Both raw and processed data will require accurate metadata (descriptions of data); metadata provide essential information about datasets including their ownership, origins, purpose, content, scope and structure; methods of handling and processing the datasets; and legal constraints on their use. This information is critical to ensure that you fully understand your data, can readily evaluate them for quality and suitability, can successfully integrate them with other datasets, and can reuse or defend them if necessary.
- To the extent you can, figure out who will need your data or want to see them, whether it’s researchers, journalists, policymakers or a particular community.
- Decide on the most efficient, audience-appropriate and cost-effective ways of giving users the data access they need. Start by providing easy-to-use search and discovery tools.
- Consider how you can present and interpret your results to make them clear and understandable to your volunteers and other audiences. Translate results into plain language, use simple graphs and offer map-based visualizations where appropriate.
- Provide the simplest possible tools or methods for data visualization, evaluation and comparison, summary or abstraction (such as maps or GIS, statistical summaries and charts and graphs), and data download (such as CSV files for custom query results, as well as compressed packages of pre-selected, documented data).
- In sharing your data, know your organization’s standard review, approval and release policies. In particular, make sure to include controls to protect privacy, proprietary or other restricted information, and the integrity of the data itself.
- Make sure data recipients can access complete metadata and other documentation so that they can evaluate, replicate and make the best possible use of your results. Identify the sources, license, methods, and contents of the data.
- Make your data available for public use beyond your own immediate needs, in accordance with federal requirements for open data and open access. Request (or require) that participants share original images under an unrestrictive license such as CC-BY that permit redistribution. Organize your data to be searchable. If necessary, restrict access to certain parts (for example, to protect physically or culturally sensitive collection sites or threatened and endangered species).
Plan to preserve your data for the long term, meeting the data retention policies and practices of your agency as well as of the National Archives and Records Administration. You can preserve your data by archiving it or submitting it to an authorized data repository. You should organize and document your datasets well enough for others to understand and reuse them long term.

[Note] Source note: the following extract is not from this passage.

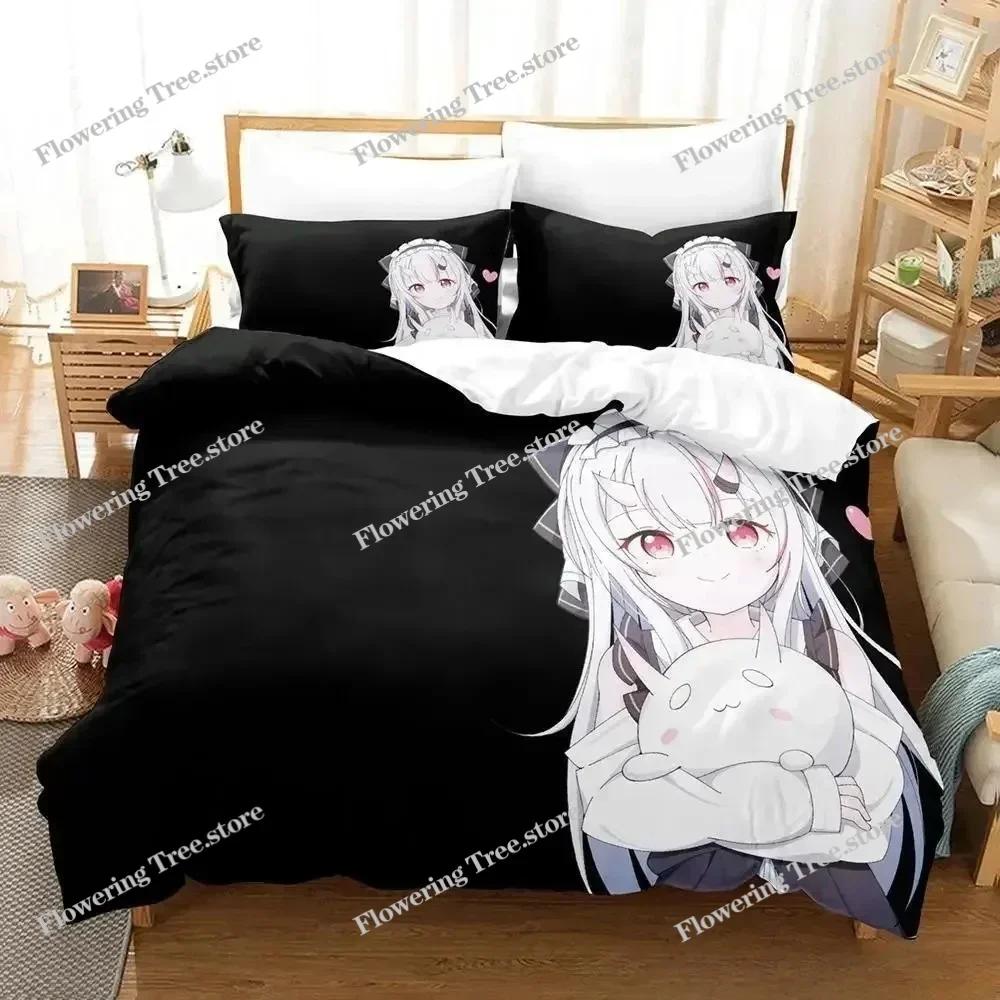 Комплект постельного белья Kawaii Nakiri Ayame, односпальная кровать, двуспальная кровать, двуспальная кровать, комплект постельного белья для взрослых и детей, комплект постельного белья с 3D-принтом и рисунком аниме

You should also promptly label and replace outdated information.
- Find an authorized data repository for the long-term storage of your data. One example is the U.S. Geological Survey’s ScienceBase, which allows for storage of many different types of data and associated project information. There are also many repositories focused on specific topics and types of data.
- Arrange for the long-term storage of “archival” data — that is, data that remain important for future use but are no longer needed for immediate access.
- Prepare archival data by reviewing its metadata and documentation for accuracy, and making certain that potentially personally identifiable information about participants is properly managed.
- Consider how potential future users will discover that your archived data exist, along with the basics of what they contain. Make sure that your data are listed in catalogs or directories of data of similar types (such as MoveBank for animal movement data) and in the appropriate federal and agency open data catalogs (such as Data.gov and Data.doi.gov).